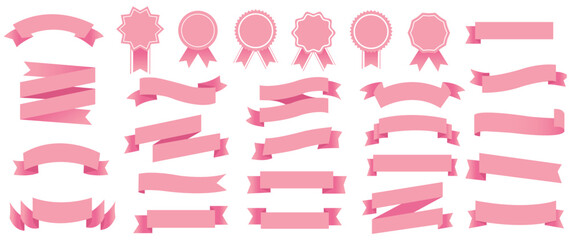 set of pink ribbons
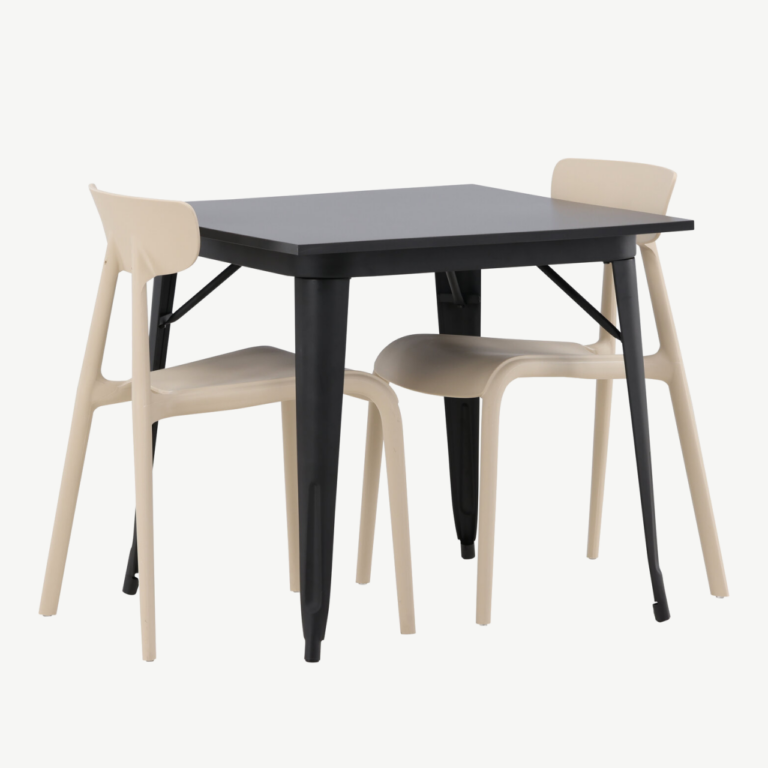Must MDF söögilaud Tempe ja beežid plastiktoolid Ursholmen (2 tk), 80x80 cm - GR23012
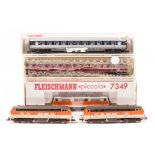 A small quantity of Fleischmann ‘Piccolo’ and Minitrix N gauge DB model railway. 4 locomotives –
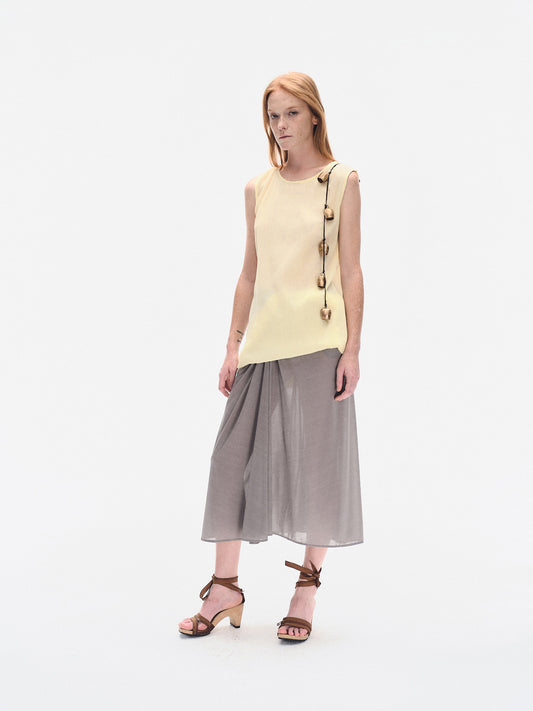 YELLOW WRINKLED TEXTURE COTTON MINI DRESS
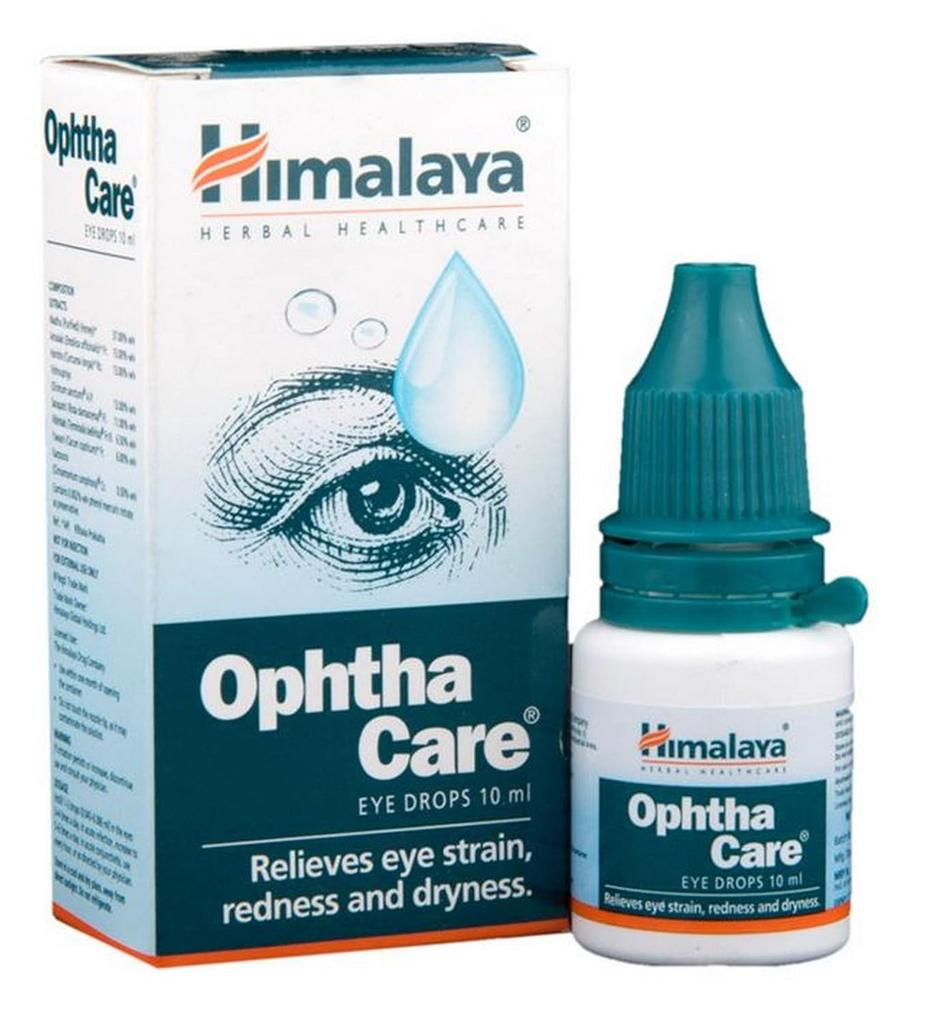 Himalaya Krople do oczu Ophthacare 10 ml | Łagodzą zmęczone oczy | Delikatna formuła komfortu na suchość i odświeżającą pielęgnację oczu | Opakowanie 1 szt.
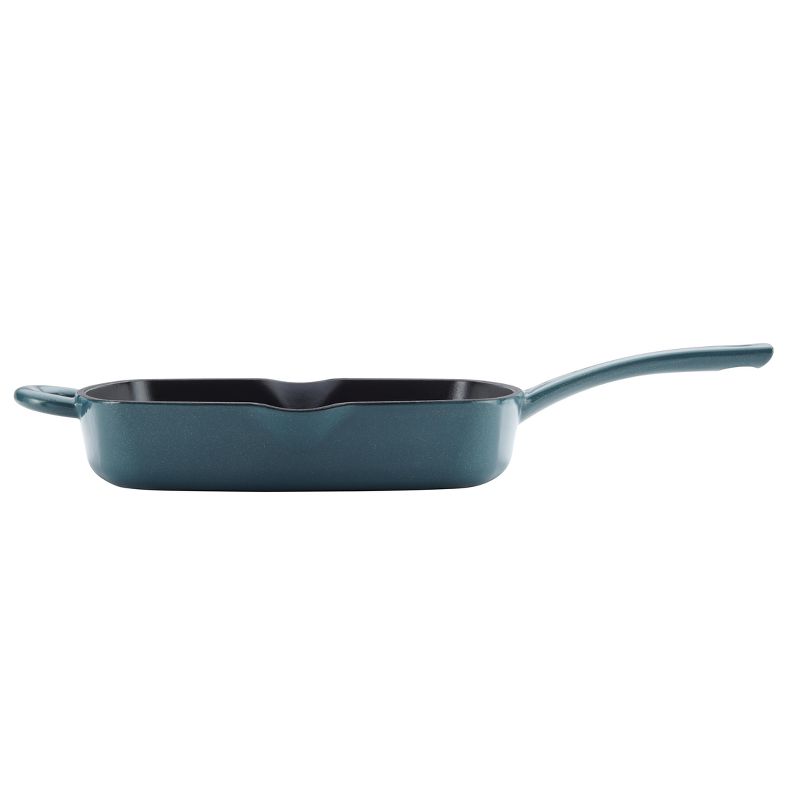 Ayesha Curry 10" Cast Iron Square Grill Pan with Pour Spouts Twilight Teal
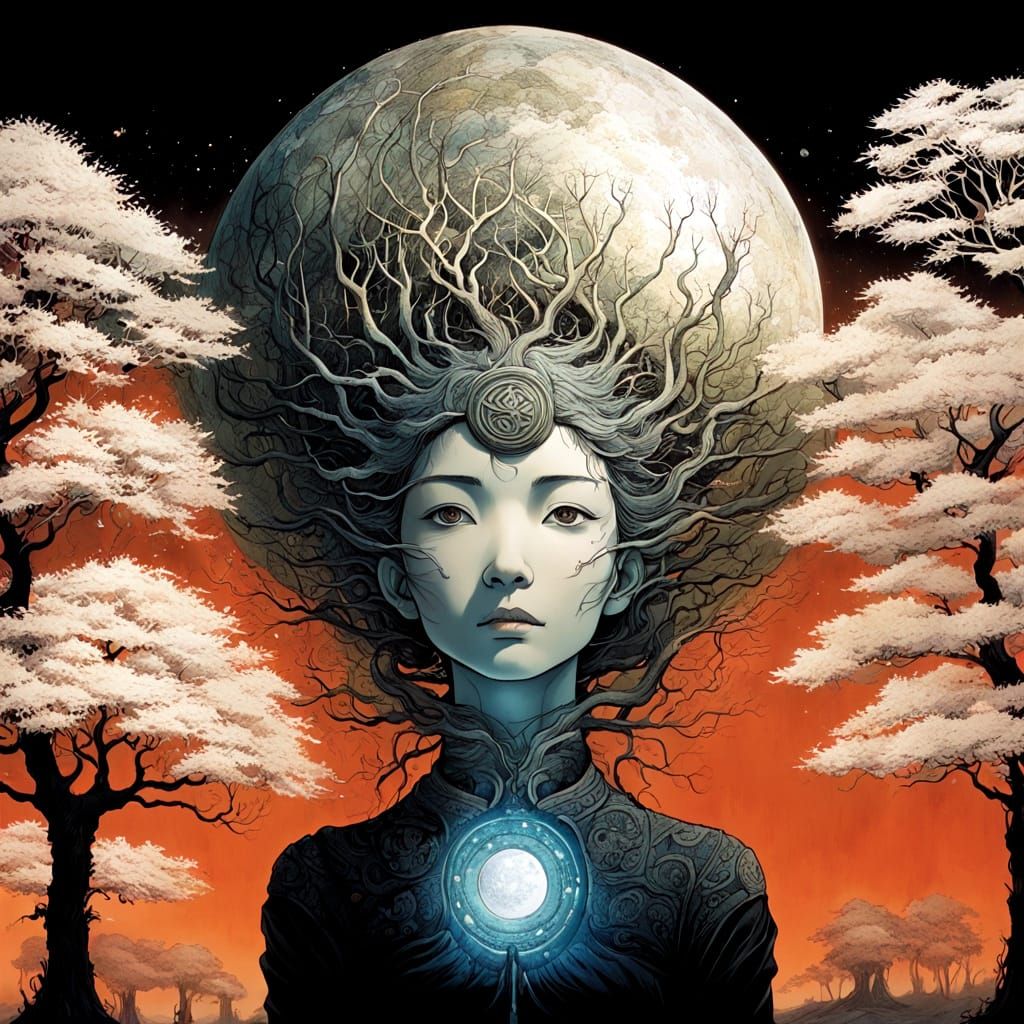 Ethereal Ancient Tree in Mystical Realism Style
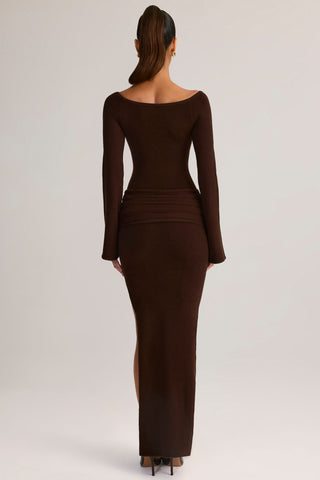 Knit Boat-Neck Long-Sleeve Maxi Dress in Chocolate Brown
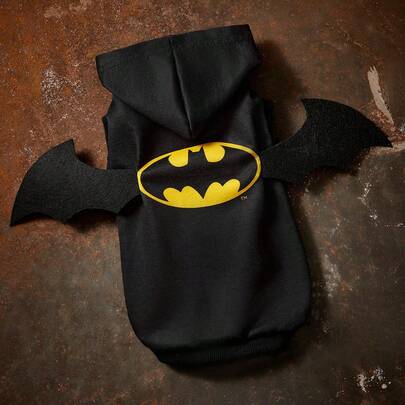 BATMAN X SHEIN Áo nỉ có mũ in họa tiết cho thú cưng, quần áo cho mèo, quần áo cho chó, cỡ XXS-XXXXL, cỡ cực nhỏ, cỡ cực lớn, hình cánh, hình dơi, logo, phong cách cá tính.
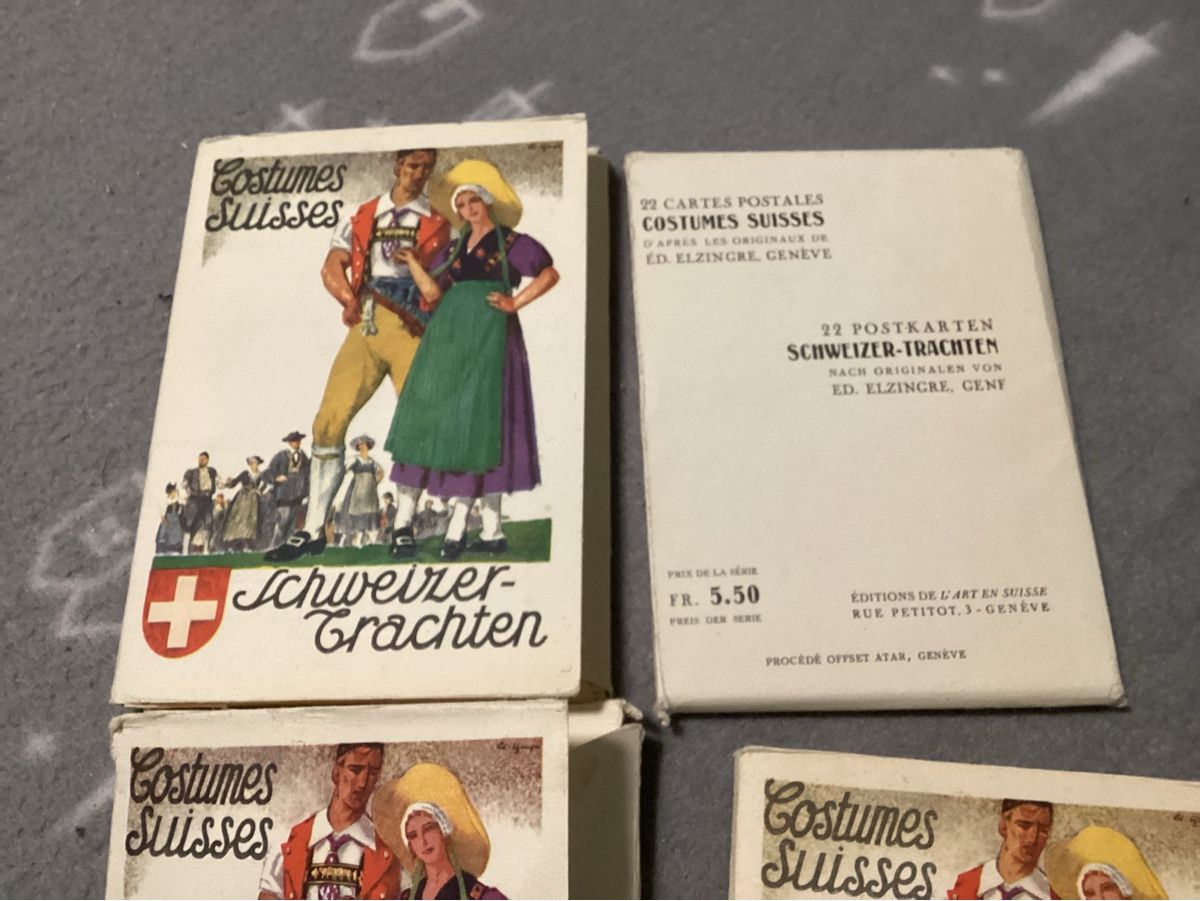 Cartoline postali: 4xSCHWEIZER TRACHTEN POSTKARTEN MAPPE 1931 – Usato da Münchenstein venduto da NoSu98 1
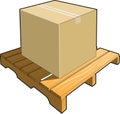 Wood Pallet with Cardboard Box Royalty Free Stock Photo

### Assignment:
Using the listing above, write out exactly the lines from the one that holds "Ethereal Ancient Tree" through the last line, both included, and omit pictures.

### Completed task:
 Ethereal Ancient Tree in Mystical Realism Style
 Knit Boat-Neck Long-Sleeve Maxi Dress in Chocolate Brown
 BATMAN X SHEIN Áo nỉ có mũ in họa tiết cho thú cưng, quần áo cho mèo, quần áo cho chó, cỡ XXS-XXXXL, cỡ cực nhỏ, cỡ cực lớn, hình cánh, hình dơi, logo, phong cách cá tính.
 Cartoline postali: 4xSCHWEIZER TRACHTEN POSTKARTEN MAPPE 1931 – Usato da Münchenstein venduto da NoSu98 1
 Wood Pallet with Cardboard Box Royalty Free Stock Photo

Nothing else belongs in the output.